Gather and make mental health data comprehensive and visible to the relevant stakeholders: Mental health data is scarce and sometimes incomplete in health facilities, national, and regional levels hence the burden and the respective needs are not clearly understood. Other challenges associated with data are the greater focus on diagnosis data and very minimal on indicators, and sometimes the data taking too long to reach the relevant stakeholders.

While data collection for mental health is essential, this should not be the only goal. Data collection should be done from the grassroots, consistently and, be critically analyzed, and availed to the relevant stakeholders at all times for use in making informed decisions.

Be consistent in advancing mental health and make this an everyday affair: A month after the commemoration of World Suicide Prevention Day whose theme was creating hope through action, it is unfortunate that actions towards mental health have declined. Globally, there maybe 20 suicide attempts to every one death, yet suicide is the second leading cause of death among 15-29-year-olds. While this may not be intentional, we should bear in mind that mental health impacts our daily lives, and the causative factors occur every day hence the need for us to prioritize it and take the necessary steps towards advancing mental health every day.

We should not reserve our efforts of raising awareness about mental health only for international health days because the matters surrounding mental health cannot be exhausted in a day.

Mental health should be prioritized, and investments increased: More often than not, prioritization and investment go hand-in-hand. However, few countries in the world have developed mental health plans, policies, and strategies which leads to low investments. Mental health should be prioritized in health plans and policies and in the health financing models.

As reported by WHO, majority of people with mental health conditions in Africa do not have access to quality care. There are less than two mental health workers per 100,000 people and less than one specialist per million people in Africa.

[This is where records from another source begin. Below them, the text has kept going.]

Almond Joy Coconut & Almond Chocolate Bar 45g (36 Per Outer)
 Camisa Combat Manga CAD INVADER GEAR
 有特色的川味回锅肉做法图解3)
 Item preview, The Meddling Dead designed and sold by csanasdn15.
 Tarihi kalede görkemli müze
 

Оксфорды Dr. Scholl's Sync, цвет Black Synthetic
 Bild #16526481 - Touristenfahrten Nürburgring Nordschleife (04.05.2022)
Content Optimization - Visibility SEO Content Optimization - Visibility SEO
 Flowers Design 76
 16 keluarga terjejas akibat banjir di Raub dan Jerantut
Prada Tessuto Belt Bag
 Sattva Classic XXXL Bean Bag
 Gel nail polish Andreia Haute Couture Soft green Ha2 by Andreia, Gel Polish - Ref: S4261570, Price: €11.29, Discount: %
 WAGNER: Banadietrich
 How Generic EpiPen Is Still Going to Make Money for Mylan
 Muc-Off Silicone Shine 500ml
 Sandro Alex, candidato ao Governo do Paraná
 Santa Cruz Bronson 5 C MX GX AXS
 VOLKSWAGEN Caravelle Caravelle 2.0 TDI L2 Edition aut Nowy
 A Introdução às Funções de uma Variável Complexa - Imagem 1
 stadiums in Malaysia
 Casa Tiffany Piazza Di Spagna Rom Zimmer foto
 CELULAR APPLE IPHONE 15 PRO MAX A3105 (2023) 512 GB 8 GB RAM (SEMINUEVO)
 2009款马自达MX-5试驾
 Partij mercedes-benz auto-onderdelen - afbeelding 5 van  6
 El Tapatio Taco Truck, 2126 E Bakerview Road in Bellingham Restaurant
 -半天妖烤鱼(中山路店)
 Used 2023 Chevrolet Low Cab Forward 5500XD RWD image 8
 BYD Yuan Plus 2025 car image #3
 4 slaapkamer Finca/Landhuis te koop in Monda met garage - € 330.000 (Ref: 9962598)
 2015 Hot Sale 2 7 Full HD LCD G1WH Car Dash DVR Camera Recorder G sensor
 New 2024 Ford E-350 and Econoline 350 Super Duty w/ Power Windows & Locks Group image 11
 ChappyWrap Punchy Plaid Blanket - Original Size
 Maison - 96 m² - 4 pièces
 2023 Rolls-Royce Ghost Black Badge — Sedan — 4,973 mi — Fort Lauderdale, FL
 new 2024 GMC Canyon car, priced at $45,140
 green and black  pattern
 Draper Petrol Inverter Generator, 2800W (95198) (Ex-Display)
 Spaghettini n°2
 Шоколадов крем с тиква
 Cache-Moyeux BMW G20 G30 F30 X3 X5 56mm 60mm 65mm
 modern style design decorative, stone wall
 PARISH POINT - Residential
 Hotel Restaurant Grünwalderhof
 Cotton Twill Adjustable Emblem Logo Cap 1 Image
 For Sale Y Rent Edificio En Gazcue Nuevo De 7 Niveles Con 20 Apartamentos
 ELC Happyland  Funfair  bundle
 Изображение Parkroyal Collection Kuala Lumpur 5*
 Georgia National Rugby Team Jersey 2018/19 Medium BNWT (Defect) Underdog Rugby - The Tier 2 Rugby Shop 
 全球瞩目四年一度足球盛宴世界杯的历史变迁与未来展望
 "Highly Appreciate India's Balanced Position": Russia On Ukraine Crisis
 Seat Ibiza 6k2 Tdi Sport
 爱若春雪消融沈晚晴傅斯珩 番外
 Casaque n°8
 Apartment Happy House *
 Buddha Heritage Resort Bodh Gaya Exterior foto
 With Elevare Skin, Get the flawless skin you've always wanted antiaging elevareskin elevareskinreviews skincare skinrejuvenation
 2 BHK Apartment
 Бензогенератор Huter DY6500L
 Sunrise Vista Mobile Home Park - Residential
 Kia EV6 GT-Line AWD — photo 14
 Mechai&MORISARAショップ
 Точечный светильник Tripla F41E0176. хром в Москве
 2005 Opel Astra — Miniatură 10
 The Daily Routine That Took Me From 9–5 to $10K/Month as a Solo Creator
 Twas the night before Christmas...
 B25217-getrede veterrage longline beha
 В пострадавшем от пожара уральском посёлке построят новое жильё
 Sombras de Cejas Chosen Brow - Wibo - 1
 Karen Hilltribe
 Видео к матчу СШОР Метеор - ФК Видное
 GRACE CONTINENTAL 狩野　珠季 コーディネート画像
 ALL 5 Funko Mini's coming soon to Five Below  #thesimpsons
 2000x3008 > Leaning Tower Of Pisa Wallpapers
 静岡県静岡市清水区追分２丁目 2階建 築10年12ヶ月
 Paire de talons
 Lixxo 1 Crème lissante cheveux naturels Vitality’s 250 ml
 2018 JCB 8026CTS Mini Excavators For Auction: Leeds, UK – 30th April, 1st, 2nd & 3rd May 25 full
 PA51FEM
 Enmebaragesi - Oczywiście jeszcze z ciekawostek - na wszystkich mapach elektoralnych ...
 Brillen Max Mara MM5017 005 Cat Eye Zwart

This is further compounded by the fact that 41-52% of healthcare workers reported burnout during the course of the COVID-19 pandemic[1]

It is estimated that currently, governments in Low-Income-Countries spent only USD 0.20 pppa on average, an average of 0.5% of Total Health Expenditure[2]. This proves that there is need for more investments for mental health to increase the number and capabilities of healthcare professionals, facilities, access to medicines, and other resources. Investment, however, should not be interpreted as allocation of funds to mental health only. The funds should be appropriately allocated to the relevant dockets in mental health such as capacity building, prevention, research, diagnosis, healthcare provision, and others. Accountability systems should also be established and intersectoral collaborations amongst different stakeholders such as donors, policy makers, healthcare providers, and patients encouraged to truly make a difference in mental health.

Investment opportunities in Africa

  1. Training of more mental health professionals, especially psychiatrists in the region to bridge the human resources gap.
  2. Educating and offering mental health care in different settings such as workplaces and schools and informing strategies to promote mental health.
  3. Establishing state of the art mental health facilities in new regions and improving already existing healthcare facilities, especially at primary healthcare level.
  4. Providing resources and tools such as mobile applications and websites linking patients to health professionals.
  5. Data management training and developing data management systems for use in different settings such as hospitals, schools, regional, national, and global health levels.
  6. Establishing research centers and informing activities in other industries to promote mental health.
  7. Scaling up the manufacturing and supply of medical commodities required for mental health services in the region.